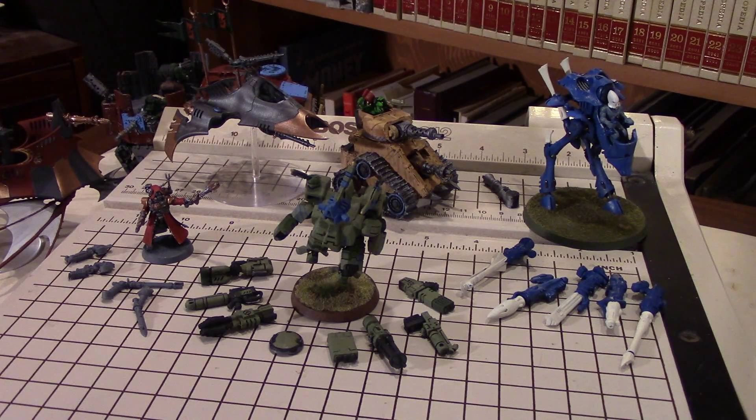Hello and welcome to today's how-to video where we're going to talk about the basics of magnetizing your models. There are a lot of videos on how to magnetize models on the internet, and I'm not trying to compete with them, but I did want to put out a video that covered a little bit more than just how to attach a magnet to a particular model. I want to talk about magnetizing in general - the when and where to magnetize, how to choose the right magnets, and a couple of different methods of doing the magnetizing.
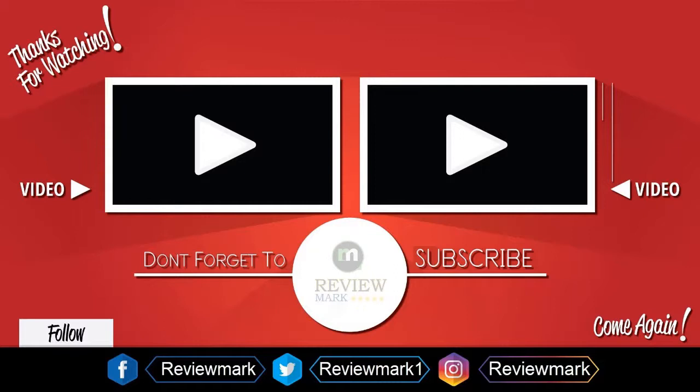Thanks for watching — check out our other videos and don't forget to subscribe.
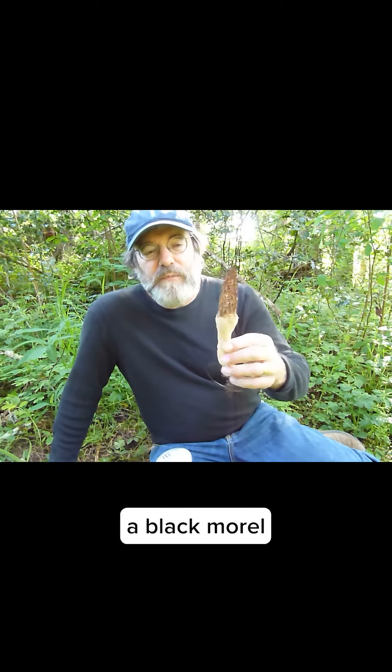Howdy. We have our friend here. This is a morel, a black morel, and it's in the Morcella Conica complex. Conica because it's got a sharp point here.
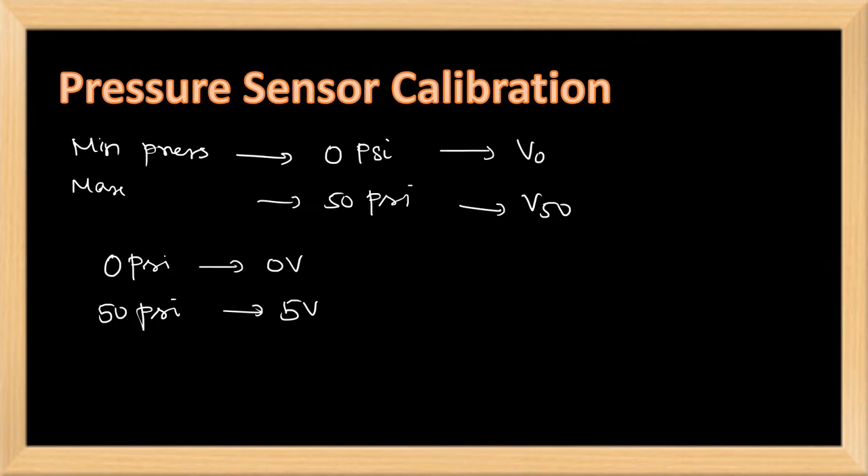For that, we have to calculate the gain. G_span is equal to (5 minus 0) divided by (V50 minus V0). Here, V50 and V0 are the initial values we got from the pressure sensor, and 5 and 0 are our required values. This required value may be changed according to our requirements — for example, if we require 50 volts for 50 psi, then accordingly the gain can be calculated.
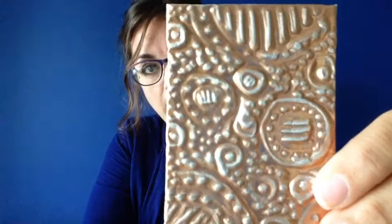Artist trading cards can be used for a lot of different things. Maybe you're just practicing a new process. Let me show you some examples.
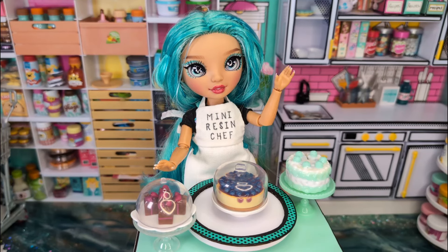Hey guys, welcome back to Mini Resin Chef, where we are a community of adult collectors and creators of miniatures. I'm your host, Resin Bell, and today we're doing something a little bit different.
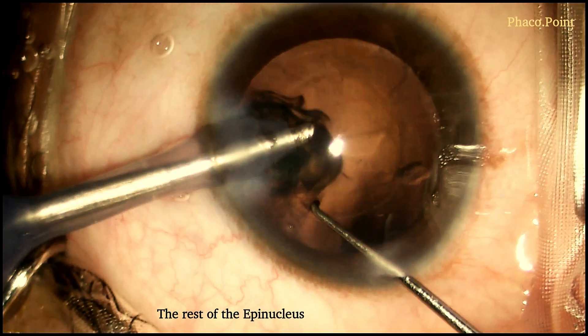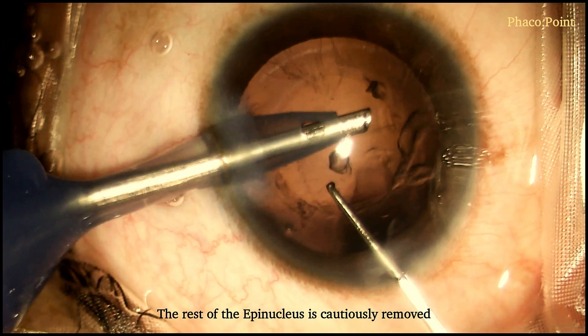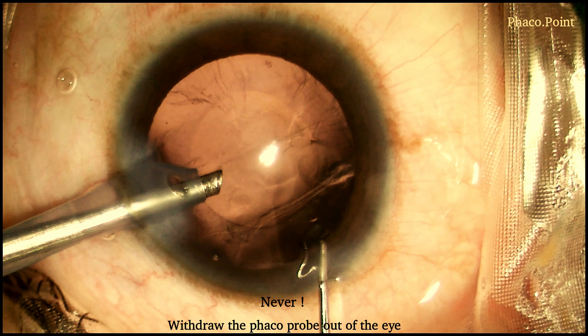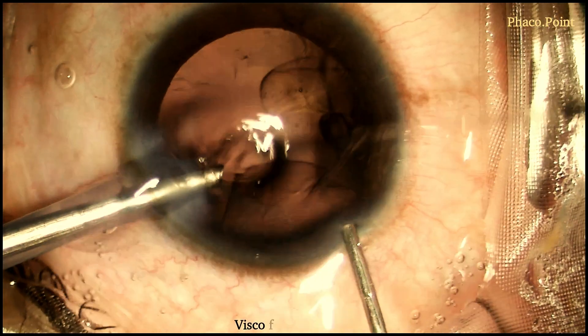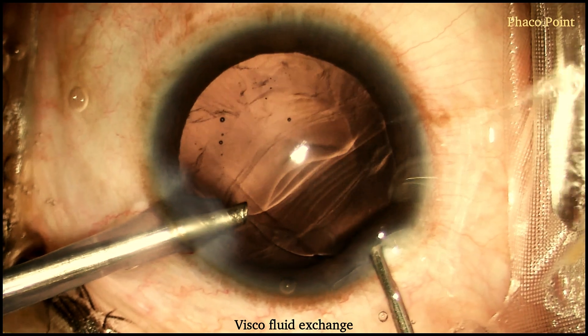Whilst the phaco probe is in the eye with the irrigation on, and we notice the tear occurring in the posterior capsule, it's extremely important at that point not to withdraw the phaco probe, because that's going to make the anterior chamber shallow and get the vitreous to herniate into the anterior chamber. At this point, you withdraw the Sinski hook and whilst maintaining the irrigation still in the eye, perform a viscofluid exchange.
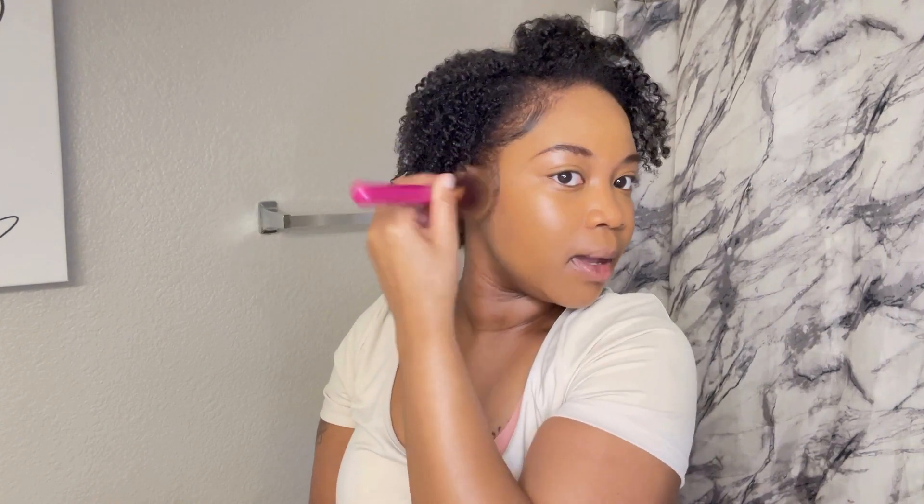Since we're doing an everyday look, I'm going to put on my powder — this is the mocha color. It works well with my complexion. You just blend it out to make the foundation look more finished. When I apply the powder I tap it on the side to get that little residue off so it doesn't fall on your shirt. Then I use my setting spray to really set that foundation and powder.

◆ ◆ ◆ ◆ ◆

**Exercise directions:**
Please copy the preceding records exactly and omit the images.

**Solution below:**
Hello and welcome to today's how-to video where we're going to talk about the basics of magnetizing your models. There are a lot of videos on how to magnetize models on the internet, and I'm not trying to compete with them, but I did want to put out a video that covered a little bit more than just how to attach a magnet to a particular model. I want to talk about magnetizing in general - the when and where to magnetize, how to choose the right magnets, and a couple of different methods of doing the magnetizing.
Thanks for watching — check out our other videos and don't forget to subscribe.
Howdy. We have our friend here. This is a morel, a black morel, and it's in the Morcella Conica complex. Conica because it's got a sharp point here.
For that, we have to calculate the gain. G_span is equal to (5 minus 0) divided by (V50 minus V0). Here, V50 and V0 are the initial values we got from the pressure sensor, and 5 and 0 are our required values. This required value may be changed according to our requirements — for example, if we require 50 volts for 50 psi, then accordingly the gain can be calculated.
Artist trading cards can be used for a lot of different things. Maybe you're just practicing a new process. Let me show you some examples.
Hey guys, welcome back to Mini Resin Chef, where we are a community of adult collectors and creators of miniatures. I'm your host, Resin Bell, and today we're doing something a little bit different.
Whilst the phaco probe is in the eye with the irrigation on, and we notice the tear occurring in the posterior capsule, it's extremely important at that point not to withdraw the phaco probe, because that's going to make the anterior chamber shallow and get the vitreous to herniate into the anterior chamber. At this point, you withdraw the Sinski hook and whilst maintaining the irrigation still in the eye, perform a viscofluid exchange.
Since we're doing an everyday look, I'm going to put on my powder — this is the mocha color. It works well with my complexion. You just blend it out to make the foundation look more finished. When I apply the powder I tap it on the side to get that little residue off so it doesn't fall on your shirt. Then I use my setting spray to really set that foundation and powder.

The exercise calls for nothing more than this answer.